Well I am doing a course in functional analysis and I came across a question which I have an idea on how to solve but can't really put it on paper. I also don't know if my strategy is correct. Can someone explain why my strategy works or does not work and how I can write it out?
Question: Given $\ell^2$ with complete orthonormal system $(e_n)_n$ with $e_n = (\delta_{kn})_k$. We then define a bounded operator $T:\ell^2 \to \ell^2$. $$Te_{2k-1}=\frac{1}{k}(e_{2k-1}-ie_{2k})$$ $$Te_{2k}=\frac{1}{k}(ie_{2k-1}+e_{2k})$$
Show that $T$ is a compact self adjoint operator and calculate the spectral representation $T = \sum_{\lambda \in \sigma(T)}\lambda\pi_\lambda$. Here $\pi_\lambda$ is the projection.

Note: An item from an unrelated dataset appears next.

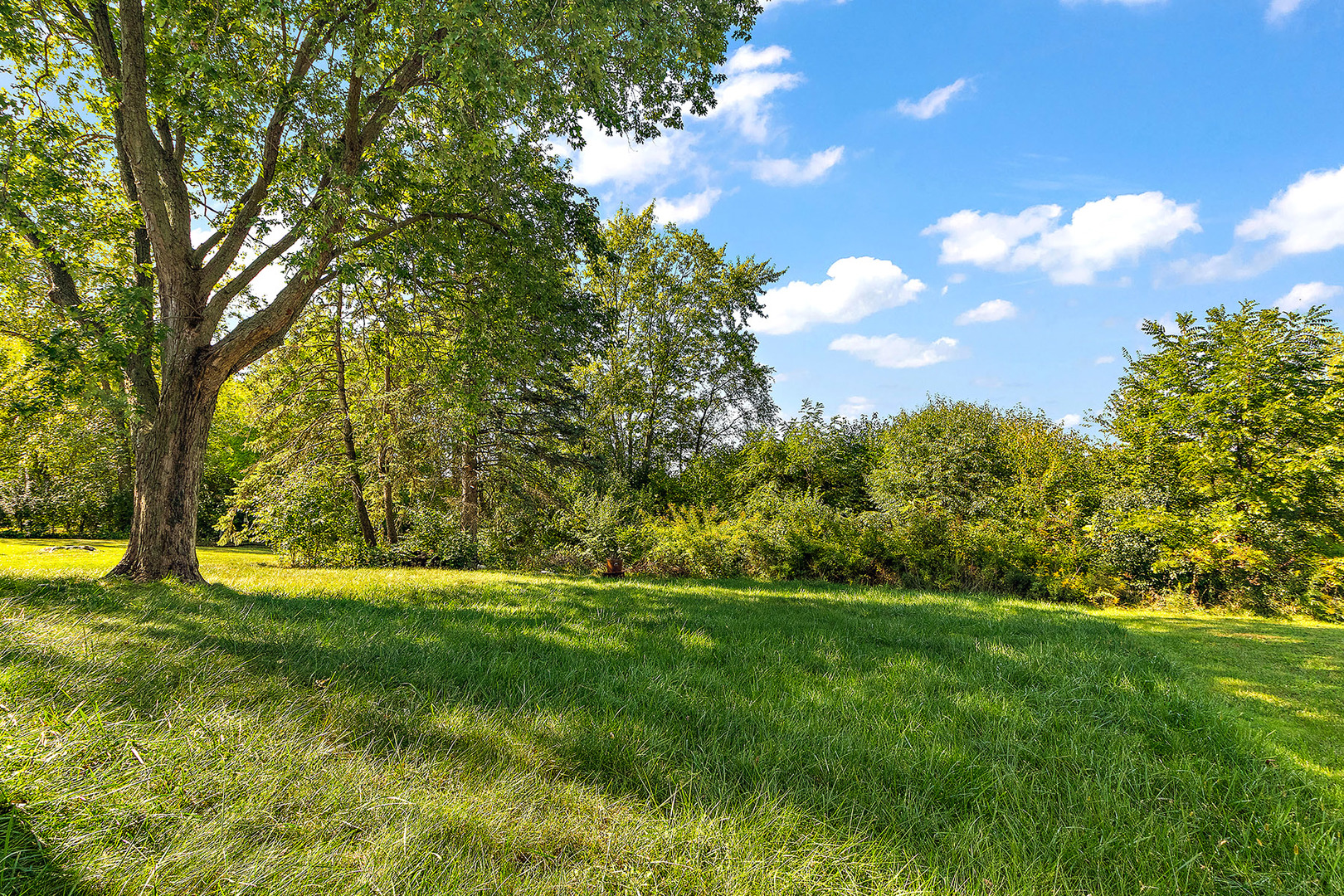 22544 Imperial Drive, Richton Park, IL 60471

My idea: Well we can give a matrix which represents $T$ with respect to $e_{2k}, e_{2k-1}$. Let's call that matrix $A$.The matrix is given by: $$A_k = \frac{1}{k}\begin{bmatrix} 1&i \\ -i&1 \end{bmatrix}$$
We can then write $T$ as a infinite matrix with blocks of $A_k$ on the diagonal. ("Jordan form") Well we define $T_n$ to be the matrix with $n$ blocks on the diagonal. This is finite rank thus if we show that $T_n \to T$, then we know that $T$ is compact. For self-adjoint I have no clue and how to calculate the spectral representation I also thought I could do something with the matrix $A_k$, but I am not sure.

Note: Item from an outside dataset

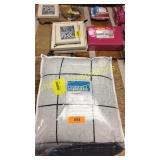 Room essentials Twin xl mattress set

Any help would be greatly appreciated!
We need to show that $T$ is compact and self-adjoint and write the operator $T$ in terms of the eigenvalues. First of all, $\pi_\lambda$ is just the orthogonal projection onto the eigenspace. More precisely, let $\{\lambda_j\}_{j = 1}^\infty$ be the set of all nonzero eigenvalues of $T$. Then $T = \sum_{j = 1}^\infty \lambda_jP_j$, where $P_j$ is the orthogonal projection onto $\mathcal{N}(T - \lambda_jI)$, i.e., $$ Tx = \sum_{j = 1}^\infty \lambda_j\langle x, u_j\rangle u_j, \ \ \textrm{ with $u_j$ eigenvector(s) associated with $\lambda_j$}. $$
Your idea of establishing compactness of $T$ by approximating it as the (operator) norm limit of a sequence of finite rank operators $T_n$ is correct so I'll let you take care of that. To show that $T$ is self-adjoint, note that since we have $T_n\to T$ in the operator norm, it suffices to show that the finite rank operators $T_n$ are bounded self-adjoint. Let us look at $Tf$ first. For any $f = (f_1, f_2, \dots)\in\ell^2$, we have $$Tf = \left(f_1 + if_2, -if_1 + f_2, \frac{1}{2}\left(f_3 + if_4\right), \frac{1}{2}\left(-if_3 + if_4\right), \dots\right). $$ One possible choice for $T_n$ for every $n\ge 1$ is the following: $$ (T_nf)_j = \begin{cases} \, (Tf)_j & \ \ \textrm{ if } \ \ 1\le j\le 2n, \\ \, 0 & \ \ \textrm{ otherwise}. \end{cases} $$ Let us now prove that $T_1$ is self-adjoint, the proof for $T_n$ is similar. \begin{align*} \langle T_1f, g\rangle & = \left(f_1 + if_2\right)\overline{g_1} + \left(-if_1 + f_2\right)\overline{g_2} \\ \langle f, T_1g\rangle & = f_1\left(\overline{g_1} - i\overline{g_2}\right) + f_2\left(i\overline{g_1} + \overline{g_2}\right) \\ & = \overline{g_1}\left(f_1 + if_2\right) + \overline{g_2}\left(-if_1 + f_2\right). \end{align*}
Finally, let's find the eigenvalues of $T$. Setting $Tf = \lambda f$, you get the following system of equations: \begin{align*} f_1 + if_2 & = \lambda f_1 \\ -if_1 + f_2 & = \lambda f_2 \\ f_3 + if_4 & = 2\lambda f_3 \\ -if_4 + f_4 & = 2\lambda f_4 \\ \vdots \qquad \vdots & = \ \ \vdots \end{align*}
Solving the first two equations, we see that either $f_1 = f_2 = 0$, or $(\lambda - 1)^2 = 1$. Solving the next two equations, we see that either $f_3 = f_4 = 0$ or $(2\lambda - 1)^2 = 1$. Continuing in this fashion, we see that for every $k\ge 1$, either $f_{2k - 1} = f_{2k} = 0$ or $(k\lambda - 1)^2 = 1$. It follows that the set of eigenvalues is $\{0\}\cup\{2/k\}_{k = 1}^\infty$. I will leave it as an exercise for you to find the eigenvectors.